Exercise aim: The exercise calls for the lines from the one containing "Veste dhiver pour femme" to the end of the data below to be output exactly, pictures excluded.

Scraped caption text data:
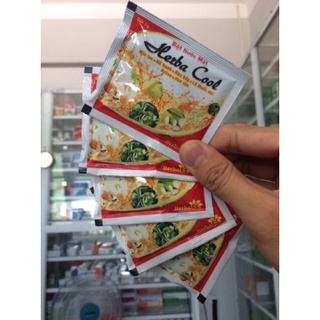 Bột nước mát HERBA COOL (hộp 10 gói)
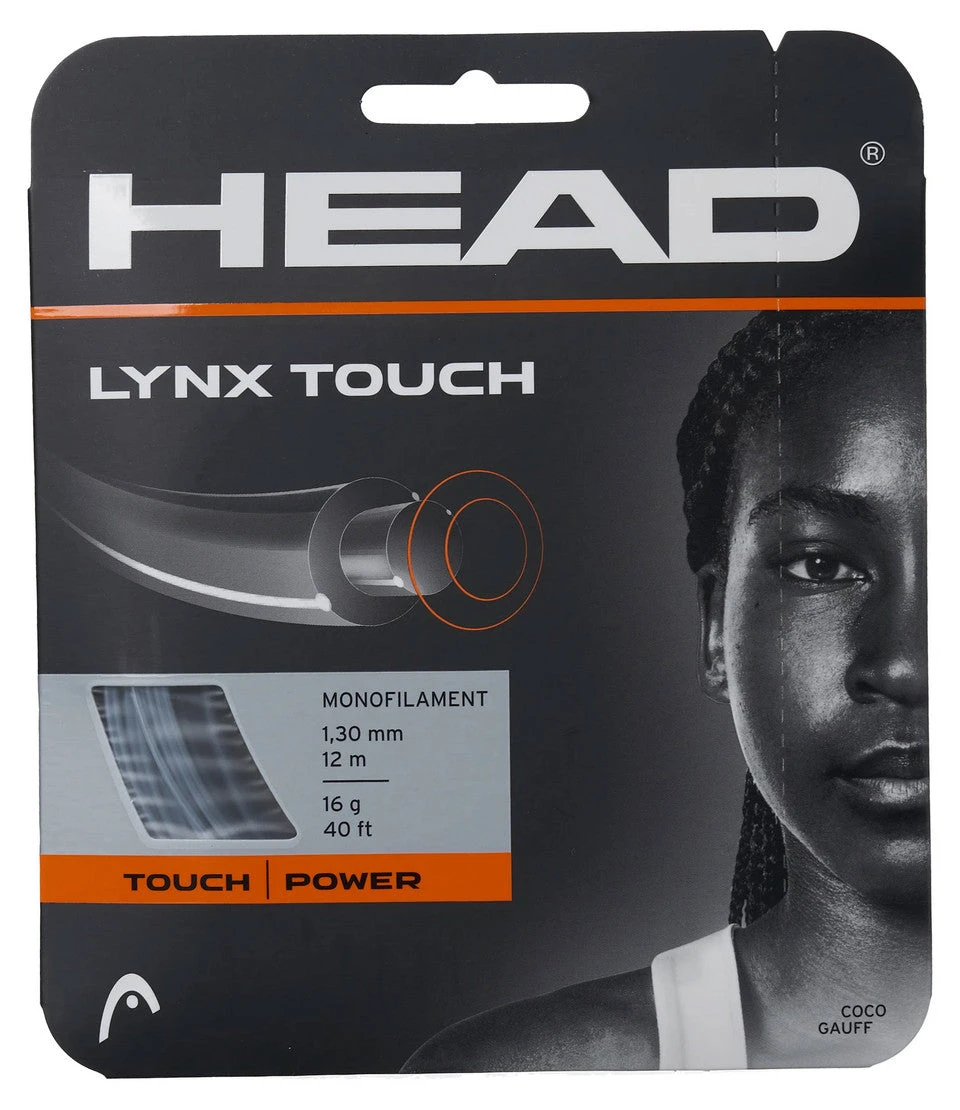 Head Lynx Touch Set 1.25mm - 12M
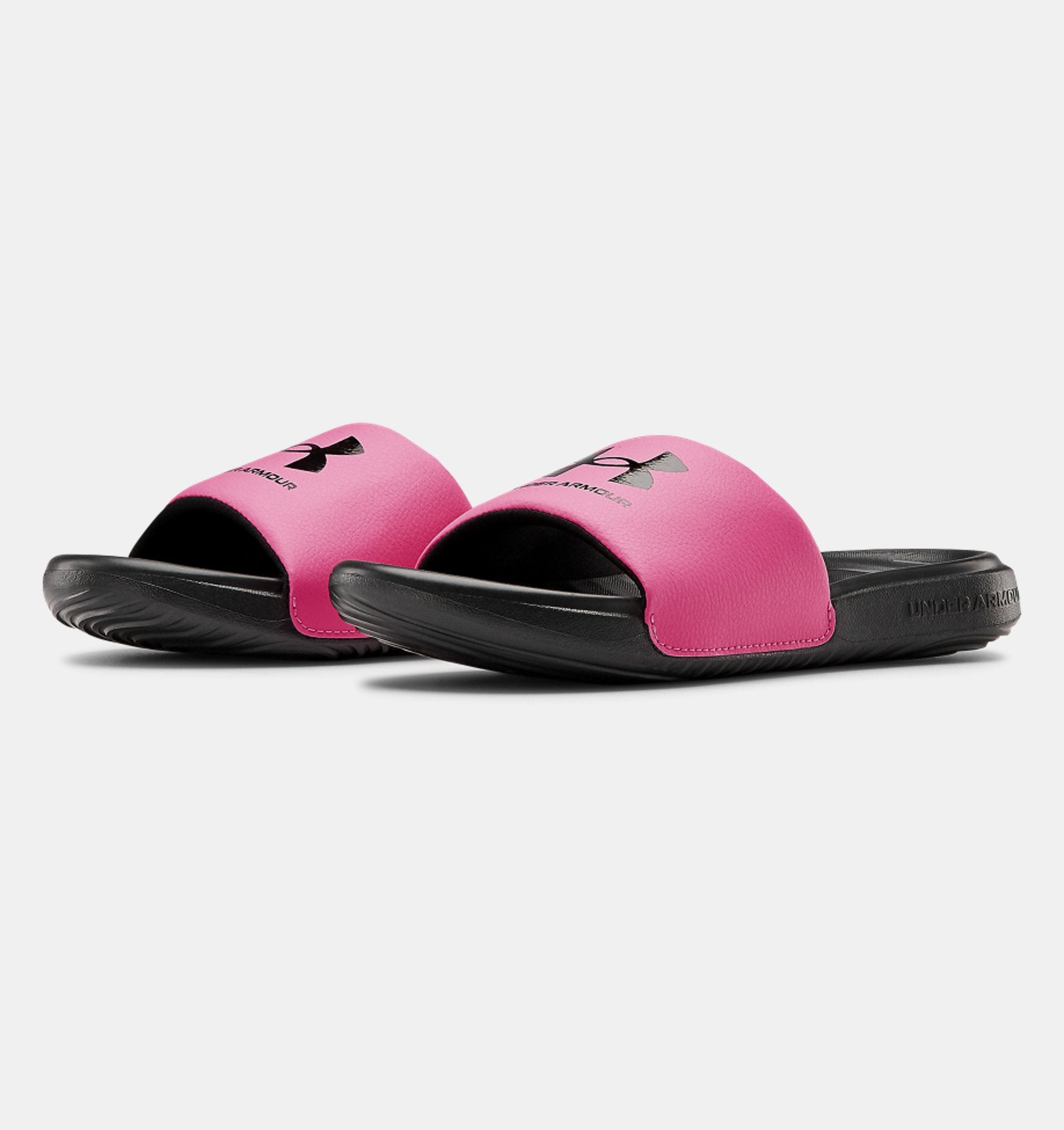 Ansa Fixed Girl's Slides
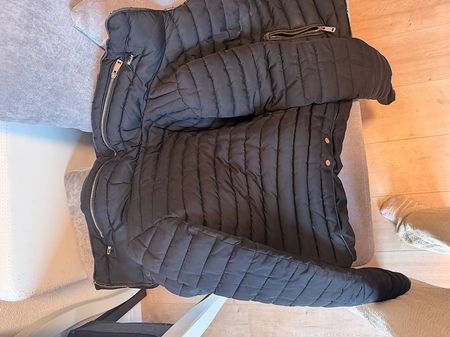 Veste dhiver pour femme 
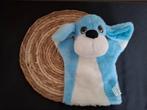 Vintage Happy Horse Handpop hond - 1987, Ophalen of Verzenden, Zo goed als nieuw, Hond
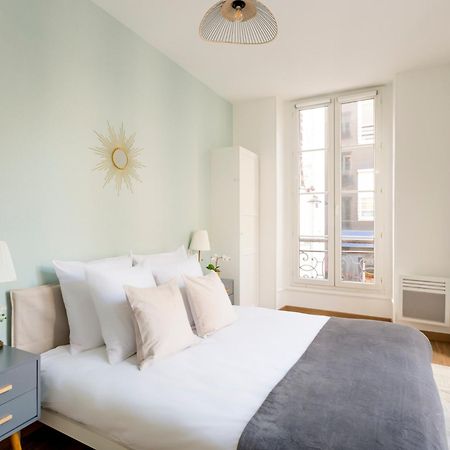 Cozy Apartment - Opera - Caumartin I Paris Exterior foto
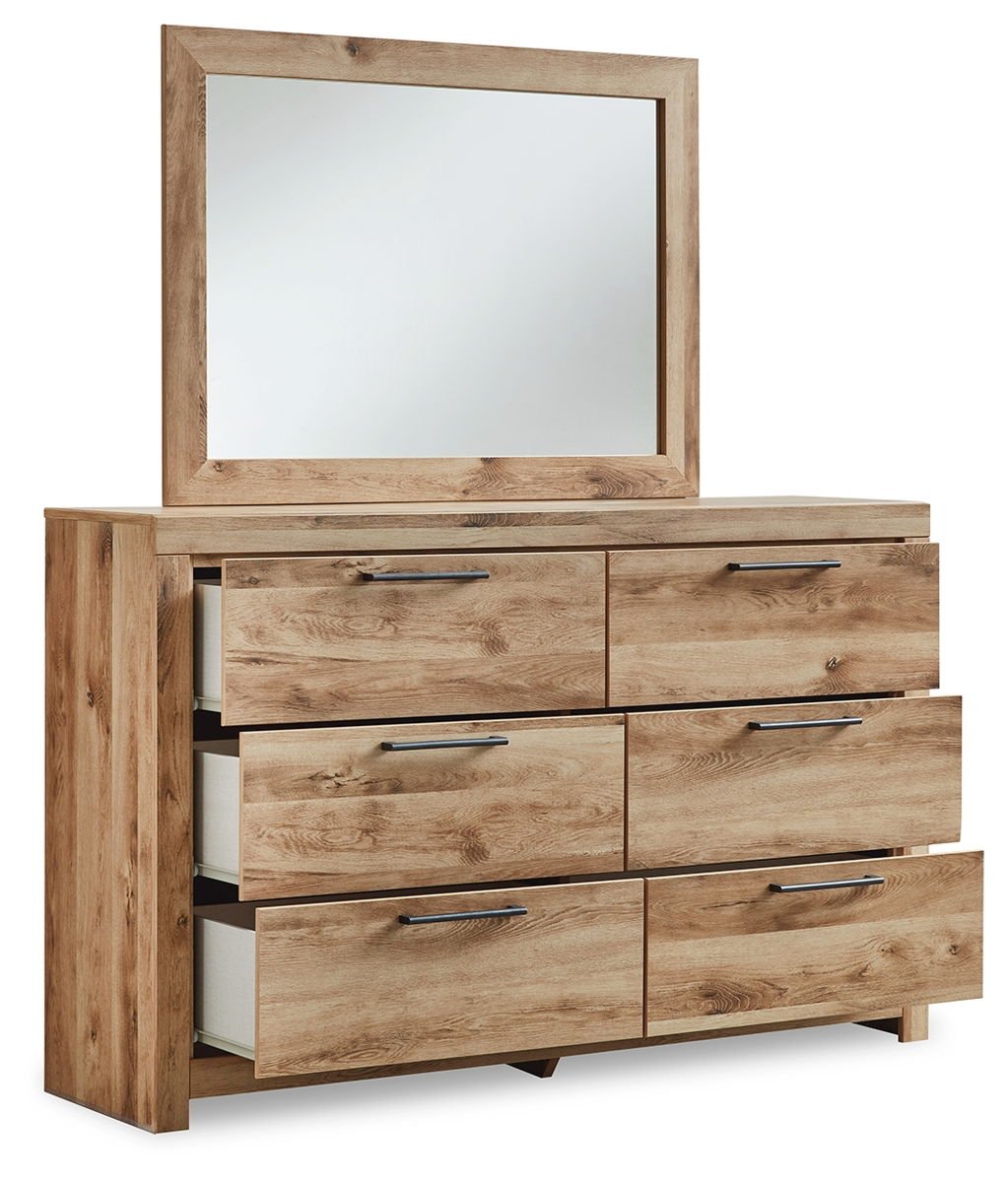 Hyanna - Panel Bedroom Set - Image 3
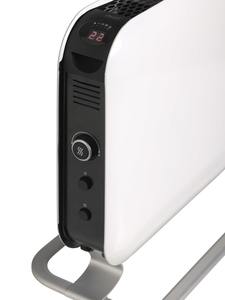 Instant LED Portable Heater 2000W White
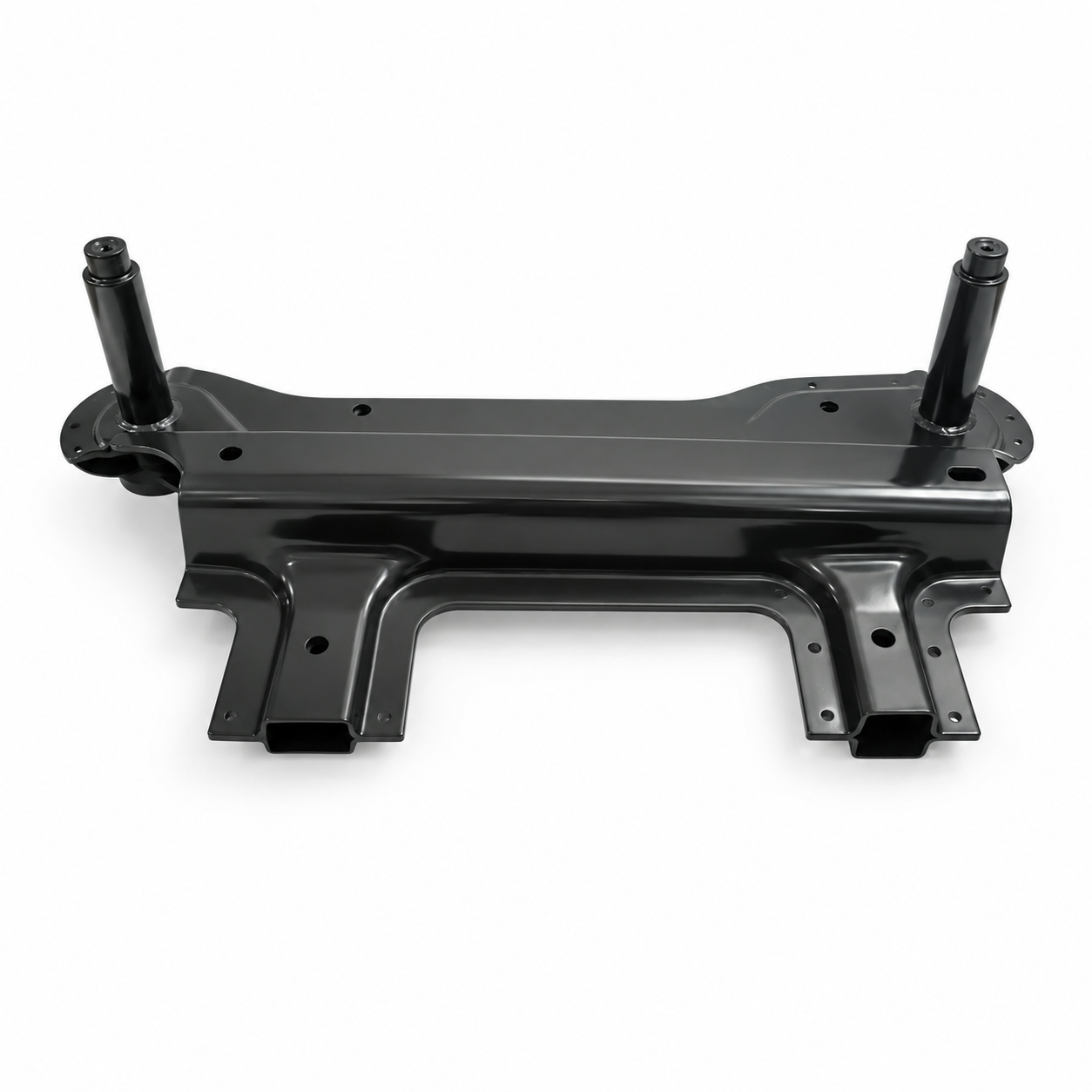 CONJUNTO SUPORTE ESTRIBO DIREITO MB (9446600230@)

Answer space:
 Veste dhiver pour femme 
 Vintage Happy Horse Handpop hond - 1987, Ophalen of Verzenden, Zo goed als nieuw, Hond
 Cozy Apartment - Opera - Caumartin I Paris Exterior foto
 Hyanna - Panel Bedroom Set - Image 3
 Instant LED Portable Heater 2000W White
 CONJUNTO SUPORTE ESTRIBO DIREITO MB (9446600230@)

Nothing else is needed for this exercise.